The need to raise council tax

At this time of year, the Council has to declare its thinking about the budget for the municipal year to come; 2017-18 will be the seventh year in a row in which our grants from central government will decline.

Between 2010-11 and 2016-17 our budget shrank by about 20 per cent in ‘real’ terms (that is, allowing for inflation). But things have not fallen apart. Instead, our services have stood up surprisingly well to the challenge of austerity, thanks to our survival strategy of sharing, saving and stewardship.

Through sharing the management of services with our neighbours, through old- school savings and efficiencies and through more dynamic stewardship of our property portfolio, we have mostly managed to maintain the scope and quality of our services and thereby, the quality of life here in Kensington and Chelsea.
In 2017-18 we need to find a further £8 million in savings or income. And we expect to have to find similar amounts in 2018-19 and 2019-20 as well.

But the capacity of our strategy for delivering more savings and more income is now diminishing.

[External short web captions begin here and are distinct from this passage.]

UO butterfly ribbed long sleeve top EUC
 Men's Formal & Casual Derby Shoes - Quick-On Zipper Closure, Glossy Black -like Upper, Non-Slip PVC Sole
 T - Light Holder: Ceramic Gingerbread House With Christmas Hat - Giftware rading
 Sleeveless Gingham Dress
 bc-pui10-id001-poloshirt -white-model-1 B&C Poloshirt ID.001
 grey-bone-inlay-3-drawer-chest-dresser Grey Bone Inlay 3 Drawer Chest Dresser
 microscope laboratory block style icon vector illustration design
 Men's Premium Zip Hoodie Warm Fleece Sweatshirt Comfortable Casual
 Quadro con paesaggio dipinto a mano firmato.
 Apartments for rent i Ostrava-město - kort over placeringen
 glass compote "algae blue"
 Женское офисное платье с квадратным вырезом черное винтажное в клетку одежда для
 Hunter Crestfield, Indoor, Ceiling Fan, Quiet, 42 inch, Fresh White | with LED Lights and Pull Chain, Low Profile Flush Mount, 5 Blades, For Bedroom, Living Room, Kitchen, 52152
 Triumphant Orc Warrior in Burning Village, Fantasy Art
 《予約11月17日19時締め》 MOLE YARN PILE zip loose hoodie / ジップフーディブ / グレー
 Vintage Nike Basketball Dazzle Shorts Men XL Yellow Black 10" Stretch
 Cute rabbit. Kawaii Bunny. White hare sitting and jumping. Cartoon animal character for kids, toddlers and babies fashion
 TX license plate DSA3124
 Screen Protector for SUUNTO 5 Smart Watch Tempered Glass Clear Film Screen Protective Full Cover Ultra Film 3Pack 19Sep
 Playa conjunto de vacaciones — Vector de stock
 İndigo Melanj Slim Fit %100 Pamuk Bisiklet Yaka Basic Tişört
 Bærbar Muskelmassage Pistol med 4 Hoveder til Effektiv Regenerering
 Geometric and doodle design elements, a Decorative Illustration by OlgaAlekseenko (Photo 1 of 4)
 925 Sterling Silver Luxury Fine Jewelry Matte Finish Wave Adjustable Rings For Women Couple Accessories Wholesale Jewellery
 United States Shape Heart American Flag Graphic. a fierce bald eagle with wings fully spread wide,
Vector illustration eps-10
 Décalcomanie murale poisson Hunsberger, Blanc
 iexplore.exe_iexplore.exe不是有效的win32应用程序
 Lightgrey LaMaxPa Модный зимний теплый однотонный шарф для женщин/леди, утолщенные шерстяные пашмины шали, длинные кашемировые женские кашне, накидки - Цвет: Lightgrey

Though £8 million is smaller than the £12 million we had to find in 2015-16, it was proving just as hard to come up with budget proposals that delivered the full amount. Until that is, we remembered something, a power so rarely used it had almost been forgotten: we can put the council tax up.

The Royal Borough council tax is one of the very lowest in England and it has not gone up by so much as a penny in eight years which is a remarkable fact really, given the pressures of price rises, our ageing population and loss of grant.

What we are therefore considering is an increase of just under two per cent. This would raise about £1.5 million in 2017-18 and spare us some quite difficult decisions.

In times of hardship, all councils are tempted to reduce those of their services that are in some way class-leading. The reason is that one can more easily defend a switch from the good to the merely okay, one can even liken such a switch to swapping from Waitrose to the perfectly acceptable Sainsbury’s.

We’ve done a tiny bit of that ourselves in Kensington and Chelsea as when we cut our bin collections to a mere twice-a-week.

Nevertheless, several of our services remain genuine leaders in class. A couple of examples: we are now more or less the only council in the country still meeting the ‘moderate’ care needs of vulnerable adults and we are one of the small minority in London still paying council tax benefit that covers 100 per cent of council tax bills.

These are the sort of leads we are extremely loath to surrender. If agreed, an extra £1.5 million raised in council tax would help us avoid doing so, at least in 2017-18.

The Council’s budget and council tax will be finally set at the annual budget meeting on 8 March 2017.